I like Moses. I didn't get up this morning and decide that I didn't like Moses. I don't have a Moses complex. I am not Mosesaphobic.

But something is awry and amiss out there in that vast amusement park known as evangelicalism. I haven't seen Moses bobblehead dolls yet.....well, maybe I have, but that's beside the point. Moses- not Jesus- has become a major focus of contemporary Christians. And not in a way that is Biblically healthy or balanced....

...The New Testament does not use the burning bush incident, or any teachings derived from it, as particularly important in the Christian life. Blackaby's discovery of the realities of EG in the Old Testament is much like Bruce Wilkinson's discovery that the key to "enlarging your territory" lay in the obscure prayer of Jabez. Evangelical Christians are surely aware that Jesus taught extensively on how we "know" God, and he does not use the burning bush episode as his focus. In the Gospels, it is in believing, abiding in Christ, obeying Christ and trusting Christ that we come to know God. God has revealed himself in Jesus in a way far clearer than in any Old Covenant example of experience. ...

...How harmful is it to teach New Testament Christians using Old Testament examples? This is not a problem, if the Bible is rightly divided. But saying that the key to knowing God is not in exclusively in Christ, but in a direct, Moses' like encounter with God, is dangerously misleading. Thousands have taken the EG course and have begun putting their focus on hearing directly from God. "God spoke to me and said..." has become the final authority for many Christians as they shape their own spiritual lives around the experience of Moses.

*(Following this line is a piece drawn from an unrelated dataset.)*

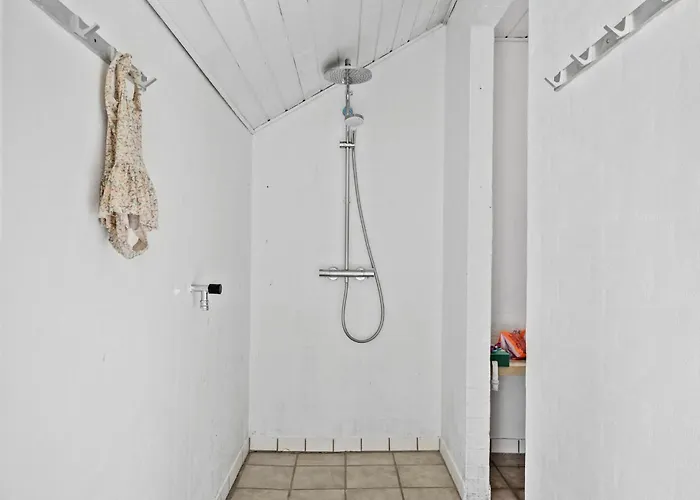 بيت للعطل 2 Bedroom Stunning In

Can anyone imagine a New Testament writer saying that the key to experiencing God comes in a direct encounter or experience like the burning bush? Blackaby is sincere in what he says, but he is Biblically off base to teach that the burning bush experience, rather than the Holy Spirit's sovereign work in each Christian's life, is the "reality" that leads to knowing God....

...Far be it from me to attempt an explanation of the huge theme of God's glory as it is revealed in scripture. It is a magnificent topic that comprehensively ties together much in the plan of God in Christ. But to understand contemporary worship music and preaching's interest in this topic, we need go no further than the story of the Exodus, and Moses' encounters with God on Mount Sinai. Here, the glory of God was visual and observable, first to the people in acts and presence of God, and then to Moses as he spent time with God on the mountain.

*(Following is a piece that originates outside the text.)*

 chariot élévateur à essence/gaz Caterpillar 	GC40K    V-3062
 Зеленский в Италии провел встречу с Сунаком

It is curious that the tradition of Christian hymnody did not pick up on this theme, yet modern CCM can't get enough of it. This is probably the result of contemporary preachers applying the "glory" theme in the Exodus and Moses passages to worship and the Christian life. While this is just my theory, I think anyone can see in the song above the evidence of sermons they have heard that spoke about "mountaintop experiences,""coming down from the mountain" and so forth.

As churches have put more and more emphasis on experience in the corporate worship setting, "glory" language became more common. Revivals are the "glory" of God descending on a church. Manifestations of the Spirit are God's glory in the midst of his people. Intense and emotional worship experiences are glimpses of God's glory. The Charismatic/Pentecostal side of evangelicalism is not without stories of God's visible glory descending in a cloud during a meeting.

This hunger for a repetition of visible glory, and equating personal and corporate experiences with such glory, has made it much easier to sing about the glory of God in the way we encounter in contemporary worship music. We want to see your glory, say the songwriters. Meaning: We want to have an experience that we have labeled "the Glory of God."...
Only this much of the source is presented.